Sotto Gera: Hohler Biennale 2025 mostra l'arte nelle umide catacombe!
La Biennale Hohler di Gera, dal 21 luglio al 13 ottobre 2025, presenta l'arte contemporanea nelle storiche birrerie.

Sotto Gera: Hohler Biennale 2025 mostra l'arte nelle umide catacombe!
Le cose vanno di nuovo bene a Gera, sottoterra! La 12esima Biennale Hohler è iniziata e le ex birrerie della città brillano di nuovo splendore artistico.

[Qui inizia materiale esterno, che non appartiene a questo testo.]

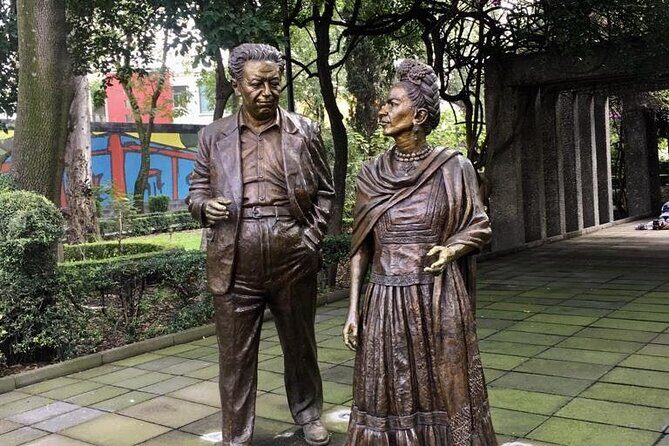 Mexico City Coyoacán, Frida Kahlo Exploration Game and Tour - Start at Parque Centenario: your first clue and the coyote fountain vibe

Sotto il tema della mostra "intrattenimento", 25 artisti complessivamente esporranno le loro opere nelle affascinanti stanze che un tempo fungevano da rifugi antiaerei e ripercorreranno una storia che risale al XVII secolo. La project manager Gitta Heil è orgogliosa che sia i talenti affermati che quelli giovani possano presentare qui la loro arte. In molti casi, questa è la prima opportunità per le persone coinvolte di mostrarsi come parte di una biennale.
Klaus Staeck, presidente onorario dell'Accademia delle arti di Berlino e istituzione della scena artistica all'orgogliosa età di 87 anni, presenta i suoi manifesti che, nonostante l'elevata umidità nelle grotte, non hanno lo stato originale. Un esempio del suo lavoro lo chiarisce: mostra un globo con la nota “L’immobile in affitto deve essere trattato con cura e restituito in buone condizioni”.
La Biennale si concluderà il 17 ottobre e si svolge con cadenza biennale, un vero e proprio appuntamento clou nel calendario culturale della città.
Arte e crisi
Il concetto di evento alla base della Biennale dà anche uno sguardo alle crisi attuali che stanno plasmando la nostra società. Vengono affrontati i cambiamenti climatici, i conflitti e le divisioni sociali. Particolarmente impressionanti sono le opere di Michael Ernst, che presenta le sculture dell'Arca di Noè, e di Cosima Göpfert con i suoi rotoli di porcellana, interpretati come una “terra di latte e miele”. Inoltre Yvonne Goulbier e Philipp Geist pongono accenti emozionanti con l'arte della luce, tutto questo in un contesto influenzato dall'elevata umidità nelle grotte, motivo per cui devono essere utilizzati materiali speciali come vetro, metallo e ceramica.
In totale, le 220 grotte, che si estendono per una lunghezza di nove chilometri, mostrano una combinazione unica di storia e arte contemporanea.
Grazie al continuo lavoro dell'associazione per preservare le grotte di Gera, questi ambienti storici sono stati riscoperti. “Le sfide sono numerose”, afferma Heil, “il finanziamento e la promozione dei giovani talenti sono temi che ci preoccupano costantemente”. Tuttavia, la speranza di continuare a finanziare rimane, anche se non si fanno illusioni al riguardo.
Un segno di pace
Un altro punto forte della Biennale è il Polo della Pace, che ora starà permanentemente nel giardino della casa di Schulenburg con la scritta “Che ci sia pace sulla terra”. Questo palo alto circa tre metri è un segno del desiderio collettivo di pace e si integra armoniosamente nel focus tematico della Biennale. Come ha dimostrato la cerimonia di apertura tra gli appassionati d'arte, a Gera c'è molto impegno e molta passione per l'arte.
La Biennale Mondiale d'Arte di Venezia finirà presto. Anche se questo costituisce un quadro diverso, gli sforzi verso lo scambio artistico e le questioni sociali si riflettono in entrambi gli eventi in modo notevole. Ogni due anni a Venezia e a Gera diventa chiaro che l'arte è viva e ha voce. Che sia nei rifugi antiaerei di Gera o nei Giardini della città lagunare, ovunque vale la regola: l'arte parla e noi dobbiamo ascoltarla.